**Exercise**
If pictures appear, leave them out, and return exactly the lines from the one holding "Dorman 973-252 HVAC" through the last line of the listing below.

**Dataset excerpt**
========================
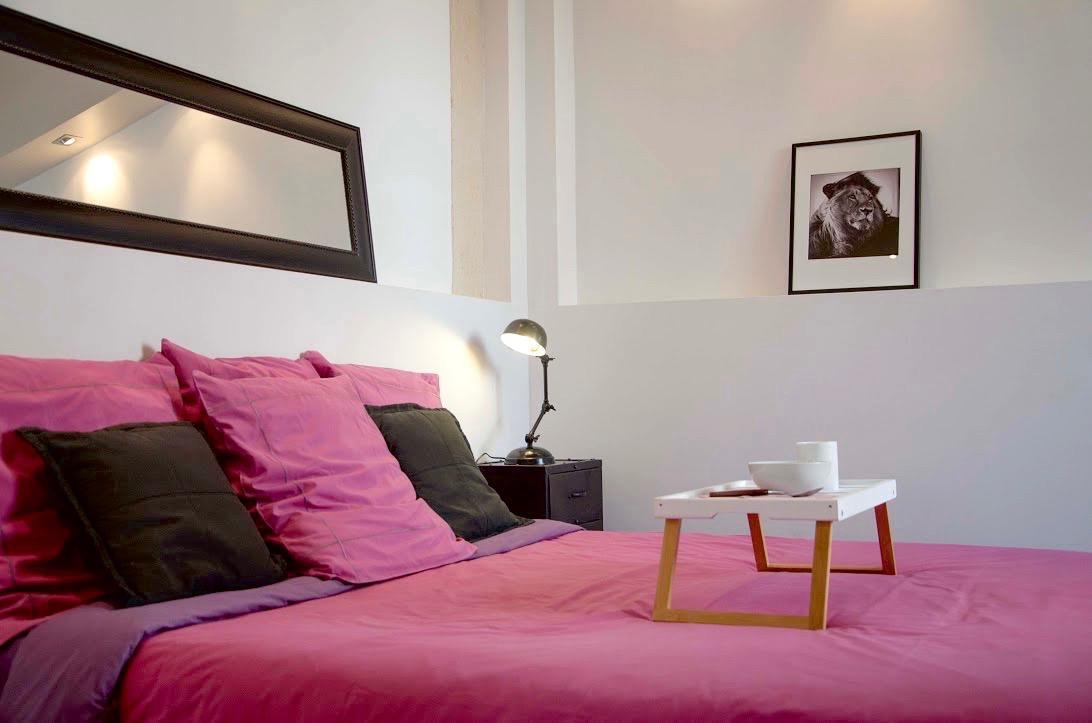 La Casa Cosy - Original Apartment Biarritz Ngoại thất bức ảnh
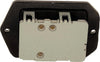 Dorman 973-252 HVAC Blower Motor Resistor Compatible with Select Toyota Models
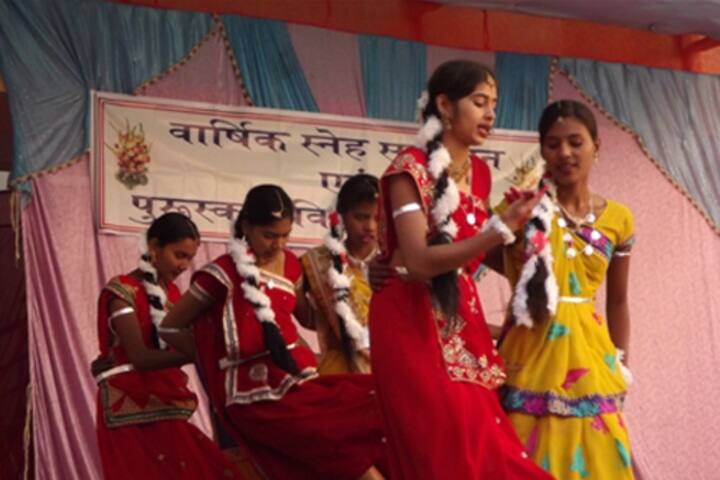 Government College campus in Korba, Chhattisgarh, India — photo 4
========================
**Solution to this problem**
 Dorman 973-252 HVAC Blower Motor Resistor Compatible with Select Toyota Models
 Government College campus in Korba, Chhattisgarh, India — photo 4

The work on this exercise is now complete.